Phylogenomics of prokaryotic ribosomal proteins
© BioMed Central Ltd 2011
Published: 19 September 2011
Archaeal and bacterial ribosomes contain more than 50 proteins. Thirty-four ribosomal proteins (r-proteins) are universally conserved in the three domains of cellular life (Bacteria, Archaea and Eukarya), and 33 r-proteins are shared between Archaea and Eukarya to the exclusion of Bacteria; there are also 23 Bacteria-specific, 1 Archaea-specific and 11 Eukarya-specific r-proteins . Despite the high sequence conservation of r-proteins, the annotation of r-protein genes is often dificult because of their short lengths and biased sequence composition.
To perform a comprehensive survey of prokaryotic r-proteins, we developed an automated computational pipeline for the identification of r-protein genes and applied it to 995 completely sequenced bacterial genomes and 87 archaeal genomes available in the RefSeq database. The pipeline employs curated seed alignments of r-proteins to run position-specific scoring matrix (PSSM)-based BLAST searches against six-frame genome translations, thus overcoming possible gene annotation errors. Likely false positives are identified using comparisons against the original seed alignments.

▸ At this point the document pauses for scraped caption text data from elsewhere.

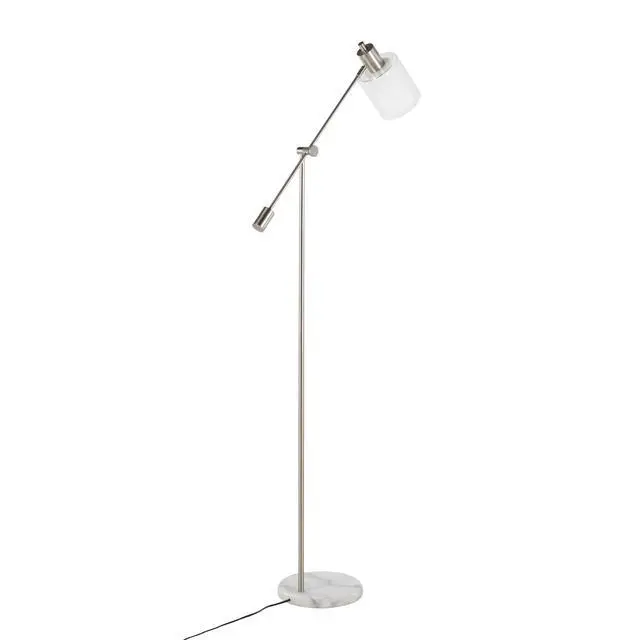 Alt view image 4 of 7 - Contemporary Floor Lamp in White Marble and Nickel Metal with Clear and Frosted Glass Shade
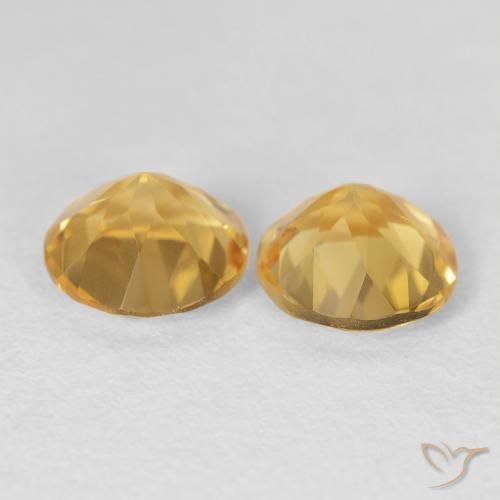 Gemas de Citrino Dorado medio natural de 3.33 ct, Redondo, VVS
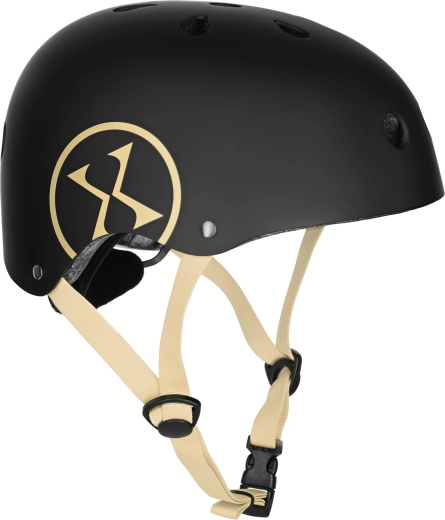 Casco NILS Extreme para patines, patinete y skateboard – Negro-beige (4639)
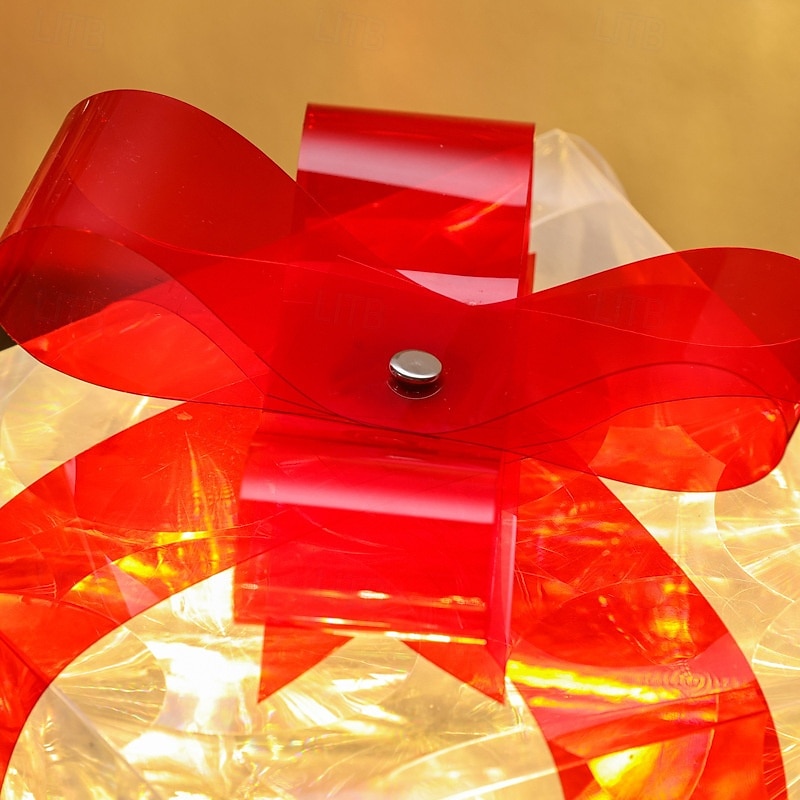 3 Pcs Christmas bow LED luminous gift box for indoor and outdoor Christmas atmosphere decoration lights, ornaments, props, AAA battery box 13/15/19CM 2025 - CAD $25.99 –P9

In the course of this analysis, we gained insight into the diversity of prokaryotic r-protein complements, such as missing and paralogous r-proteins and distributions of r-protein genes among chromosomal partitions. A phylogenetic tree was constructed from a concatenated alignment of 50 almost-ubiquitous bacterial r-proteins. The topology of the tree is generally compatible with the current high-level bacterial taxonomy, although we detected several inconsistencies, possibly indicating uncertain or erroneous classification of the respective bacteria. Similarly, a concatenated alignment of 57 ubiquitous archaeal proteins was used for an archaeal phylogenetic tree reconstruction. In both Bacteria and Archaea, the patterns of the presence/absence of non-ubiquitous r-proteins suggest several independent losses and/or gains of these proteins. According to parsimony reconstruction, three bacterial and five archaeal r-proteins do not appear to be ancestral. Remarkably, all five non-ancestral archaeal r-proteins are present in Eukarya.
Extended sets of prokaryotic r-proteins were created. Alignments of these sets may be used as new seed profiles for the identification of r-proteins in new genomes and for comparative genomics studies.